Rosebuds and blossoms are one of the most revered cosmetic ingredients. They are balancing and moisturizing, specific for irritated and delicate skin.

 

 

Rosehips, the seed-bearing fruit of the plant, are one of herbalism's most beloved and oft-used remedies. They are full of antioxidant rich bioflavanoids and high in Vitamin C, and are delicious to boot. One study showed positive outcomes in blood pressure and cholesterol levels in people who had been consuming rosehip tea.

 

Rosehips also aid in staunching the loss of fluids from our hot, excited tissues—in all kinds of situations, but perhaps most importantly in the case of diarrhea, where cooling, drying, and binding the tissues is needed right away.

 

You can make many forms of rose medicine – tea, infused petals in honey, brandy, infused oil and you can cook with it. Such a versatile flower and medicine and one we cannot live without! We definitely recommend you bring rose into your life.


Rose Recipes

Rose Infused Honey

1- Gather aromatic petals and let wilt until they are half dry – usually about a day Place petals in a glass jar with a tight-fitting lid.

2- Warm honey gently on the stovetop so that it is very fluid but well below boiling. 

3- Pour enough honey into the jar so that it completely covers the flowers. Cap tightly and place in a warm spot.

4- Stir and wipe moisture off the underside of the lid every few days. This will help remove excess water from your honey.

5- Strain with muslin cloth after 2-3 weeks. 

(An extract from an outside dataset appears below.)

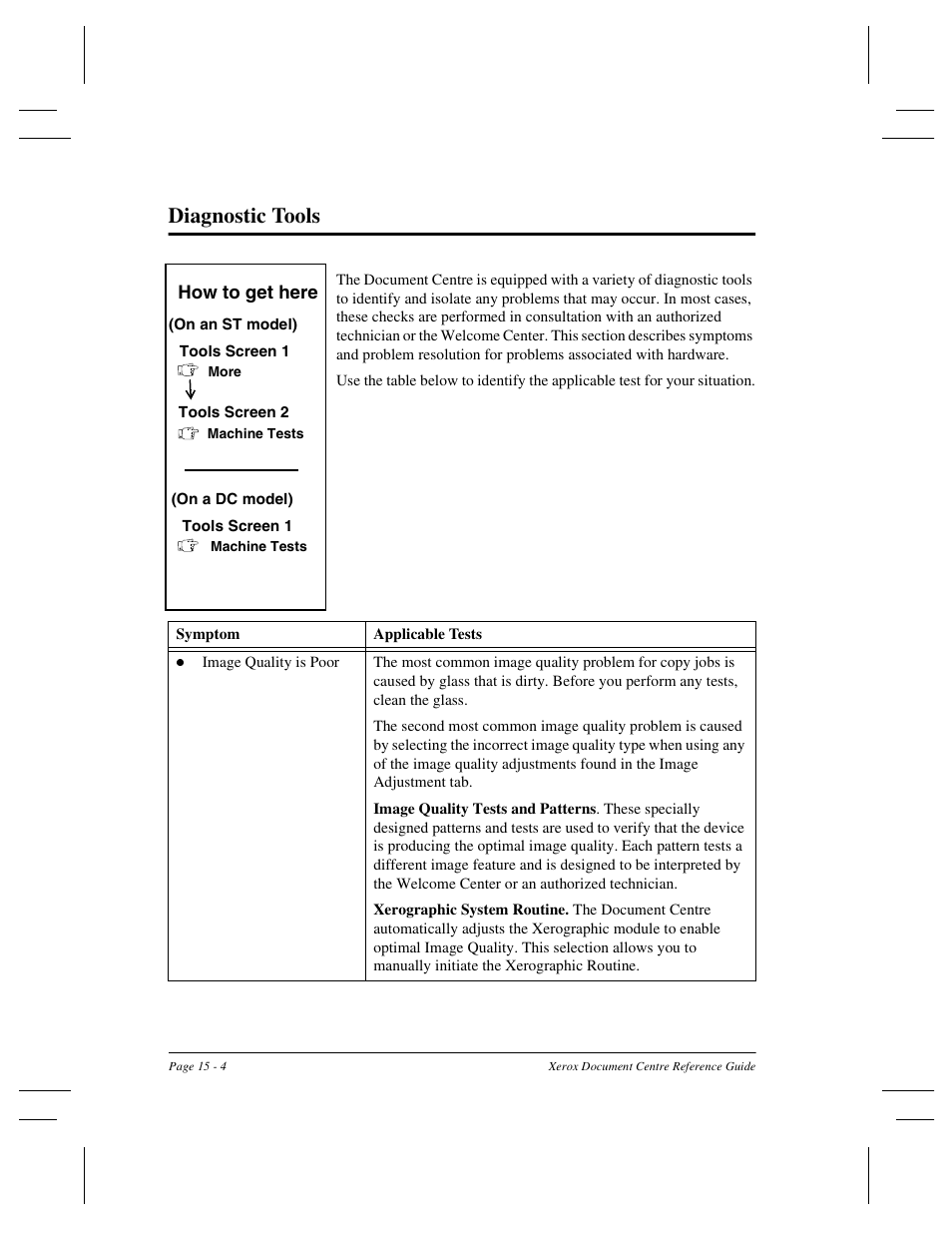 Diagnostic tools | Xerox 470 User Manual | Page 296 / 326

The pressed petals can be made into tea and drank or place in a bath for a luxurious “rose honey bath”. 

Store honey in a glass jar in a cool dark place. Some people like to keep it in the refrigerator but this is not necessary as long as your honey does not have too much water in it. tea, cooking recipes, cough syrup, and other creations.

 

Cranberry Rosehip Relish

1 12oz. bag of cranberries

1 cup fresh rosehips or 1/2 cup of dried rosehips (cleaned, seeds removed) 

The juice of 1 orange

Honey, agave nectar or sugar added to desired sweetness

2 tablespoons lemon juice

1- In a medium-sized pan gently heat cranberries, rosehips, orange juice, and lemon juice until the cranberries and rosehips are soft and cooked. 

2- Add honey or other sweetener to taste. You will be surprised at how much you need to add to counteract the bitterness and tartness of the cranberry. 

3- Let the relish cool before serving it and keep refrigerated for up to several weeks.